*** Material supplied ***

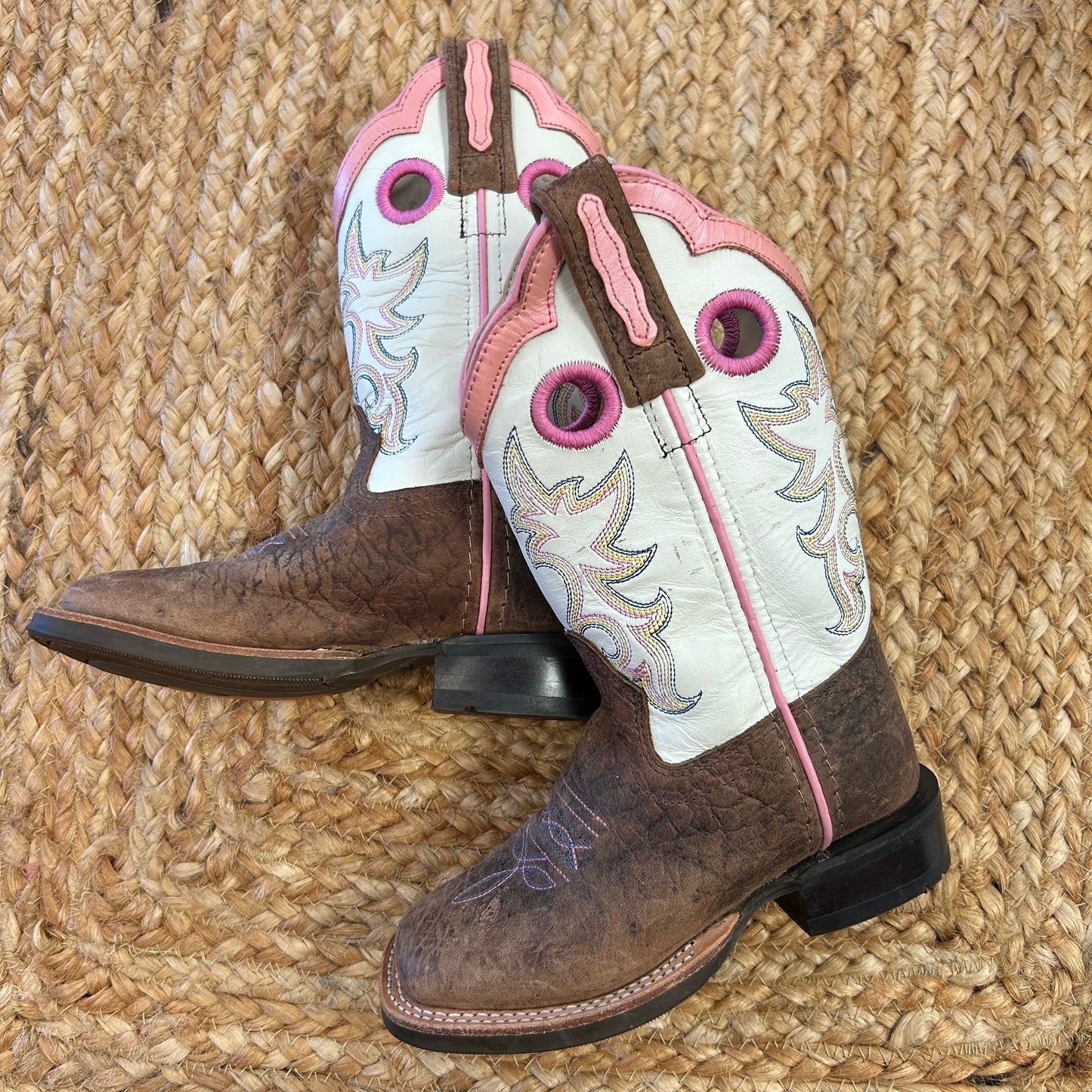 Cream & Pink Cowgirl Boots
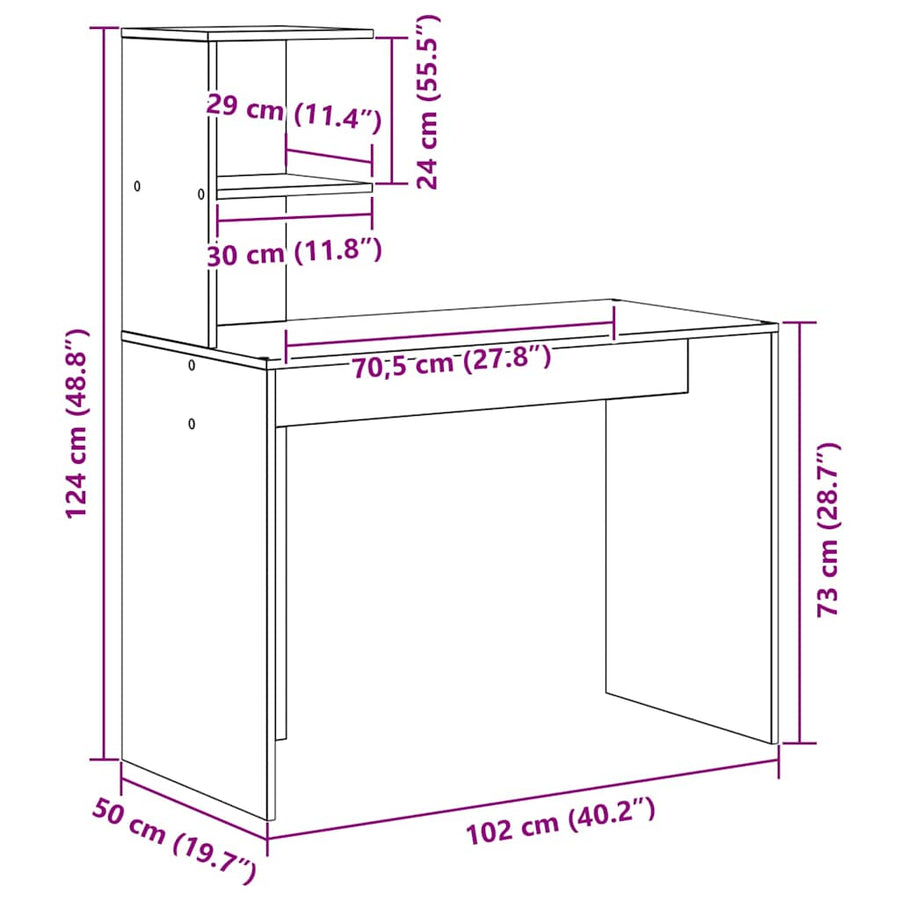 Bureau met plank Gerookt eiken 102 x 50 x 124 cm Bewerkt hout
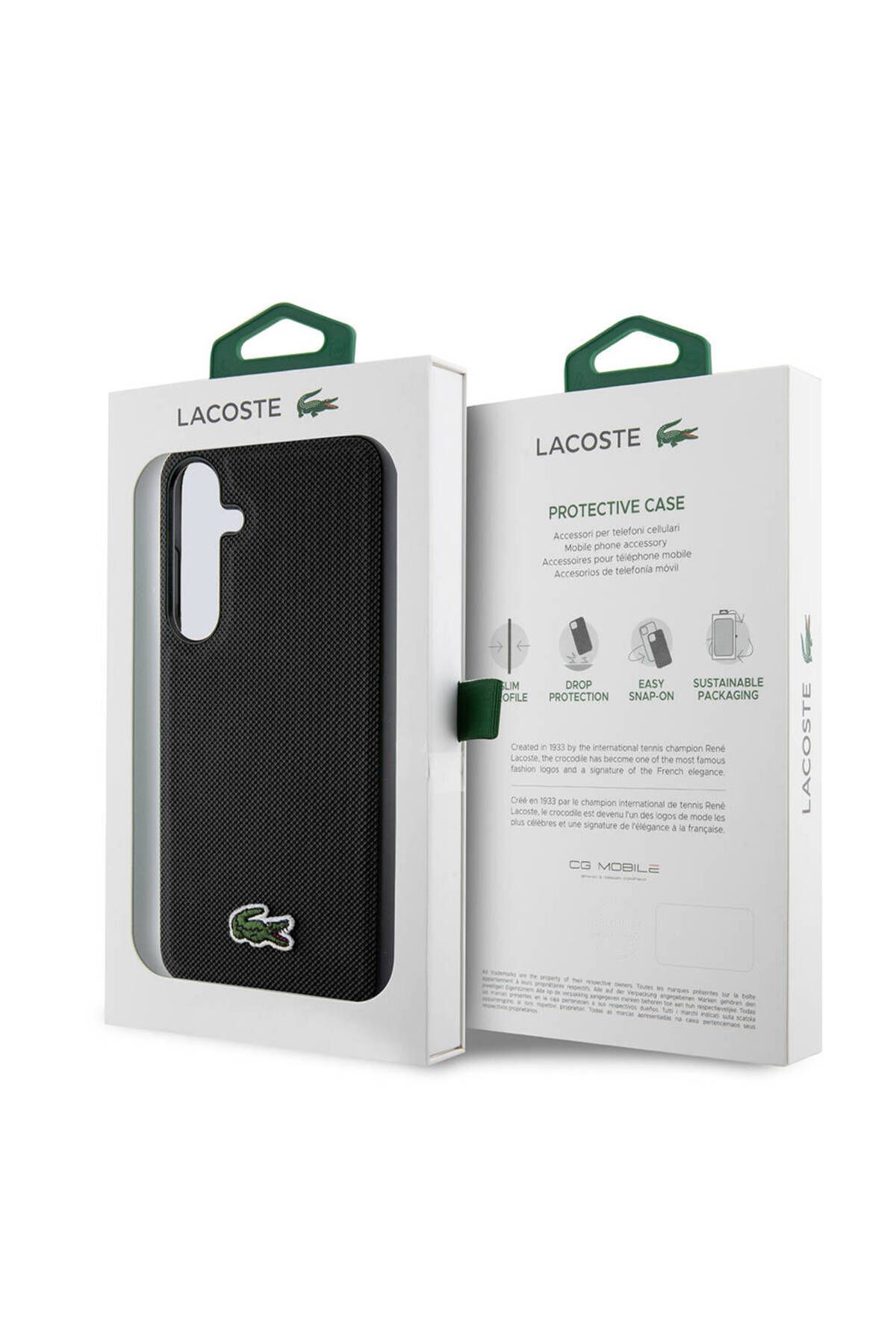 کاور و قاب چند رنگ Galaxy S24 Plus Case سازگار دارای مجوز PU PIKE الگوی سطح عقب نمادین Lacoste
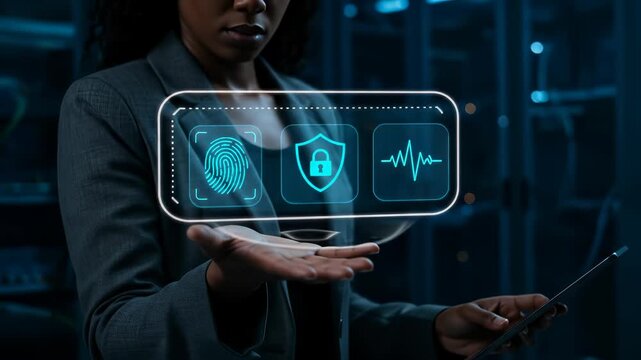 A Black adult woman, a cybersecurity professional, presents advanced biometric authentication and data protection through a glowing holographic interface within a secure server room, embodying future 
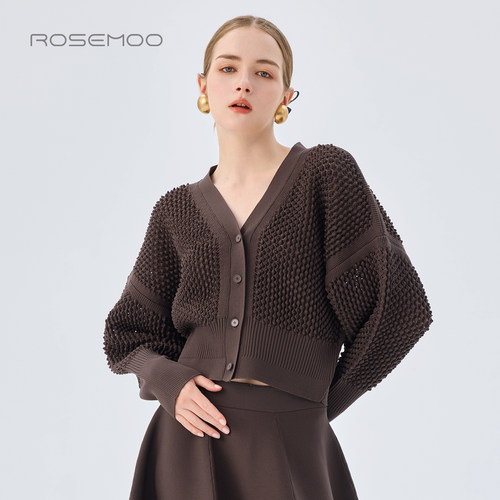 容子木ROSEMOO26春【商场同款】微镂空肌理短款开衫RWM1NP451D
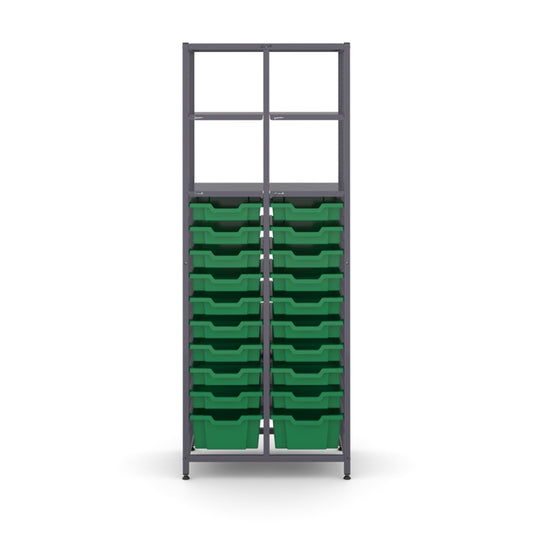 Gratnell's Science - Tall Double Frame 4 Shelves 2 Deep & 18 Shallow Trays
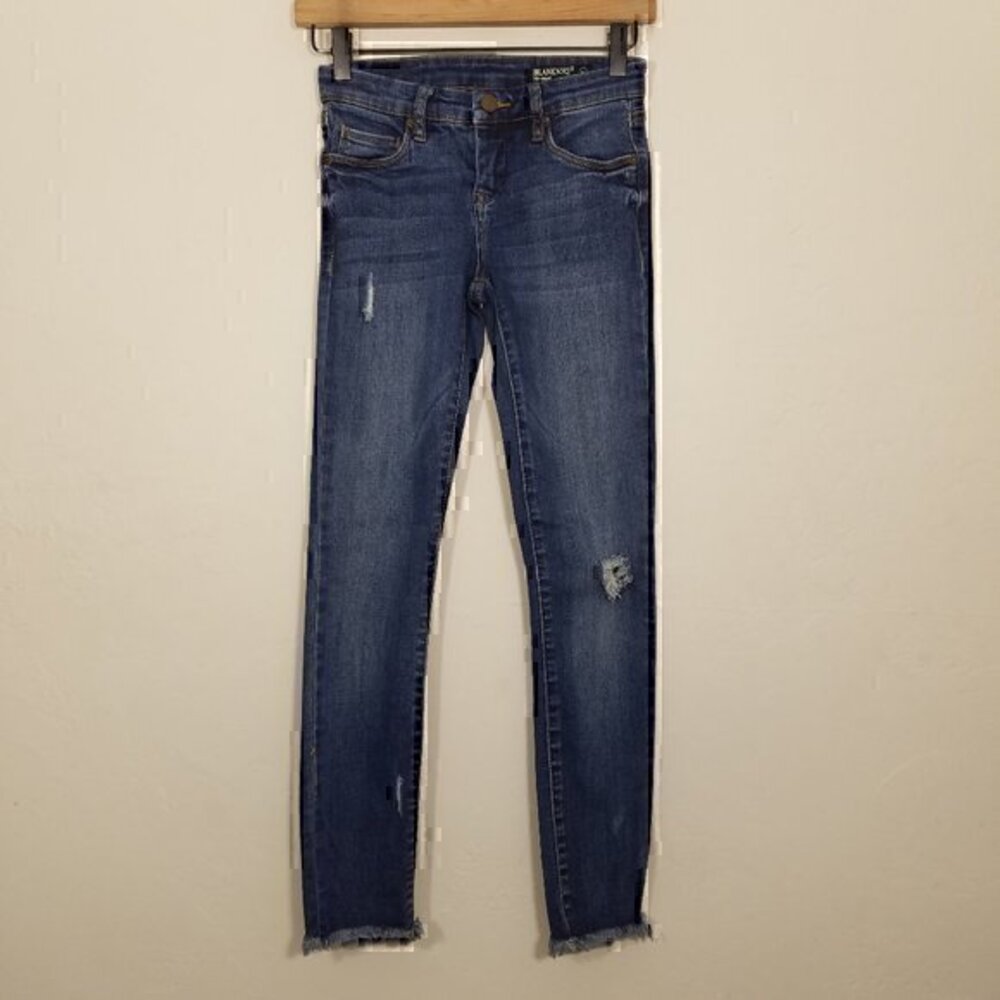 Blank NYC Crop Skinny Distressed Jeans Raw Hem Blue Size 25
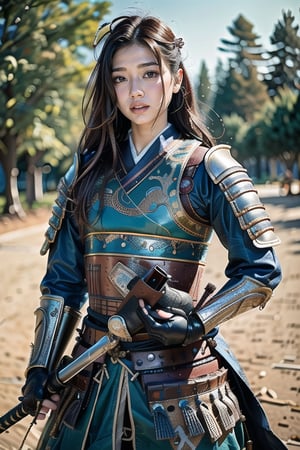 Natural Light, (Best Quality, highly detailed, Masterpiece), (beautiful and detailed eyes), (realistic detailed skin texture), (detailed hair), (Fantasy aesthetic style), (realistic light and shadow), (real and delicate background), ((cowboy shot)), (from high), 1girl, A handsome young general, clad in ancient Han armor and a helmet, stands confidently on the savannah landscape. He holds a sword as he commands a group of ancient Han soldiers in their traditional armor and uniforms. 
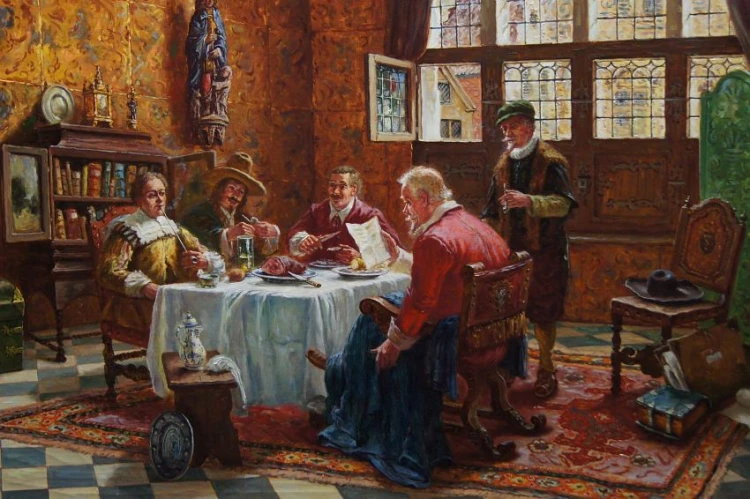 Oskar Urbahn męskie opowiastki przy wieczerzy - historyczny obraz - Polecamy rarytas !!!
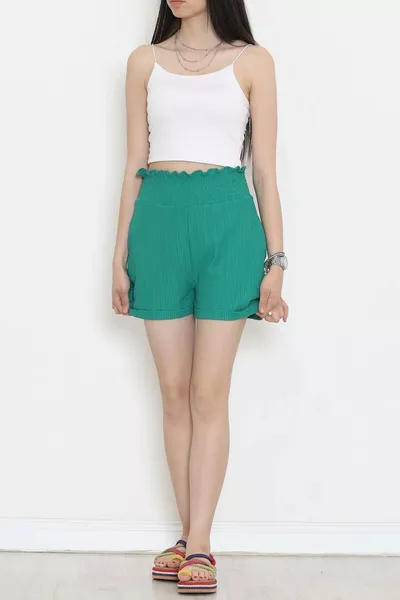 Ластични шорти за талия зелени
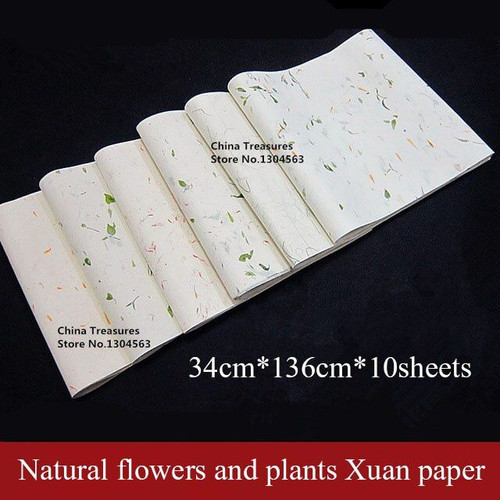 34cm*136cm*10sheets,Chinese Rice Paper Calligraphy Painting Drawing Paper Natural Flower and Plant Fiber Paper Yunlong Pi Zhi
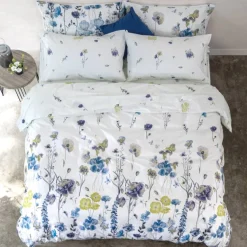 Copripiumino e federe in cotone matrimoniale Day Dream floreale blu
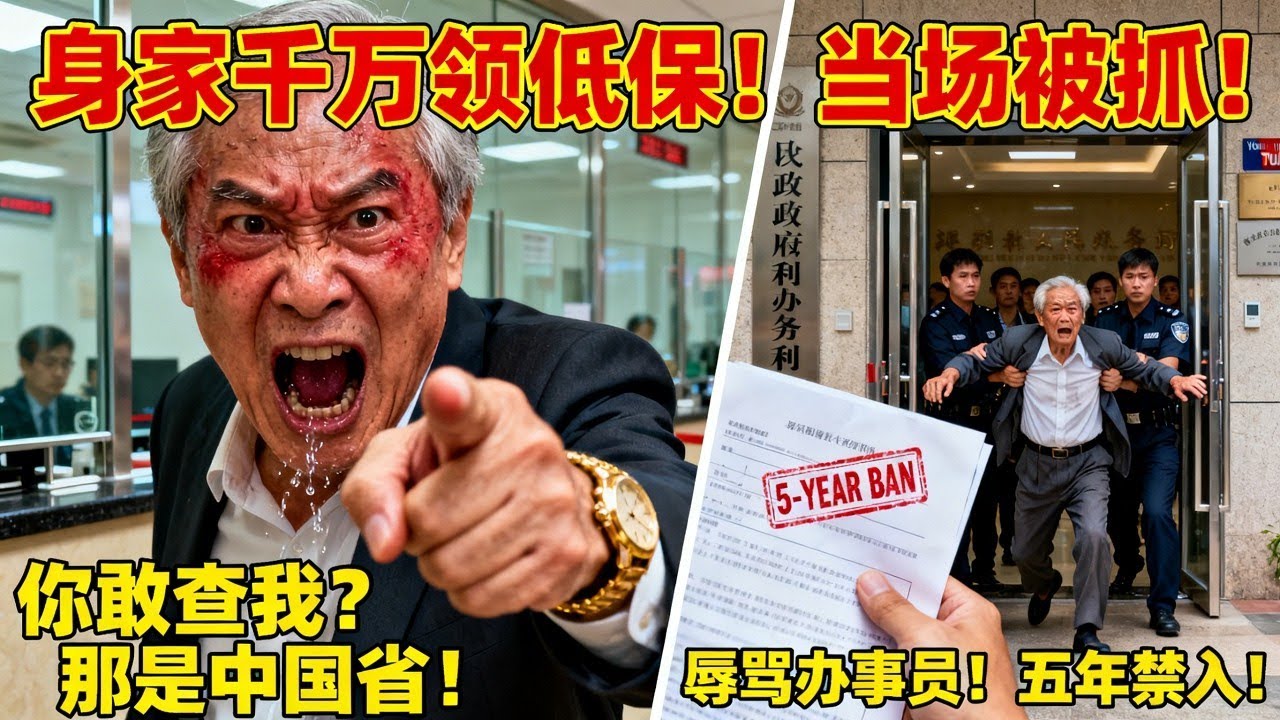 “台湾也是中国的，你敢查我？”身家千万大爷在温哥华装穷领低保，指着办事员鼻子骂台独！结局极度舒适：福利全吐+绿卡梦碎+五年禁入！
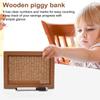Wooden Money Box with Counter Marker Pen Vintage Piggy Bank Numbers Coin Cash Container Money Saving Challenges Box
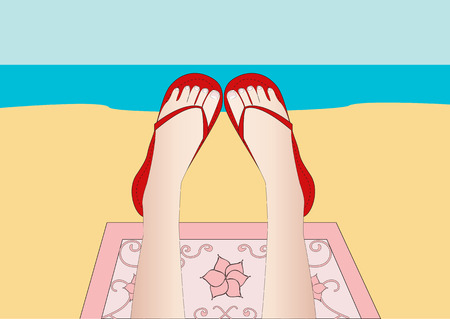 Girl on a summer sunny beach in color shaleのイラスト素材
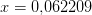x=0{,}062209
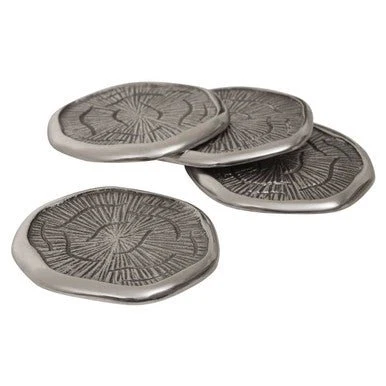 Silva Set Of Four Oak Effect Silver Top Coasters - Image 5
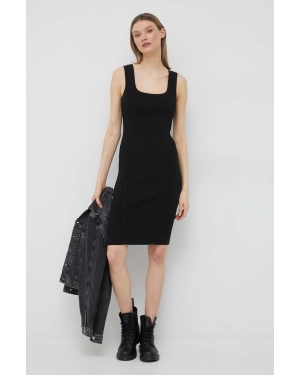 Calvin Klein sukienka kolor czarny midi dopasowana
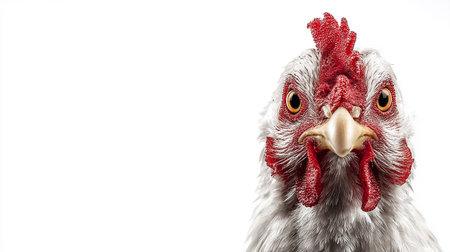 Rooster head isolated on white background with copy space for text.の素材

***

▶ Task to complete: Print all of the entries word for word. Skip any images they contain.

▶ Exercise output:
 Cream & Pink Cowgirl Boots
 Bureau met plank Gerookt eiken 102 x 50 x 124 cm Bewerkt hout
 کاور و قاب چند رنگ Galaxy S24 Plus Case سازگار دارای مجوز PU PIKE الگوی سطح عقب نمادین Lacoste
 A Black adult woman, a cybersecurity professional, presents advanced biometric authentication and data protection through a glowing holographic interface within a secure server room, embodying future 
 容子木ROSEMOO26春【商场同款】微镂空肌理短款开衫RWM1NP451D
 Gratnell's Science - Tall Double Frame 4 Shelves 2 Deep & 18 Shallow Trays
 Blank NYC Crop Skinny Distressed Jeans Raw Hem Blue Size 25
 Natural Light, (Best Quality, highly detailed, Masterpiece), (beautiful and detailed eyes), (realistic detailed skin texture), (detailed hair), (Fantasy aesthetic style), (realistic light and shadow), (real and delicate background), ((cowboy shot)), (from high), 1girl, A handsome young general, clad in ancient Han armor and a helmet, stands confidently on the savannah landscape. He holds a sword as he commands a group of ancient Han soldiers in their traditional armor and uniforms. 
 Oskar Urbahn męskie opowiastki przy wieczerzy - historyczny obraz - Polecamy rarytas !!!
 Ластични шорти за талия зелени
 34cm*136cm*10sheets,Chinese Rice Paper Calligraphy Painting Drawing Paper Natural Flower and Plant Fiber Paper Yunlong Pi Zhi
 Copripiumino e federe in cotone matrimoniale Day Dream floreale blu
 “台湾也是中国的，你敢查我？”身家千万大爷在温哥华装穷领低保，指着办事员鼻子骂台独！结局极度舒适：福利全吐+绿卡梦碎+五年禁入！
Wooden Money Box with Counter Marker Pen Vintage Piggy Bank Numbers Coin Cash Container Money Saving Challenges Box
 Girl on a summer sunny beach in color shaleのイラスト素材
x=0{,}062209
 Silva Set Of Four Oak Effect Silver Top Coasters - Image 5
 Calvin Klein sukienka kolor czarny midi dopasowana
 Rooster head isolated on white background with copy space for text.の素材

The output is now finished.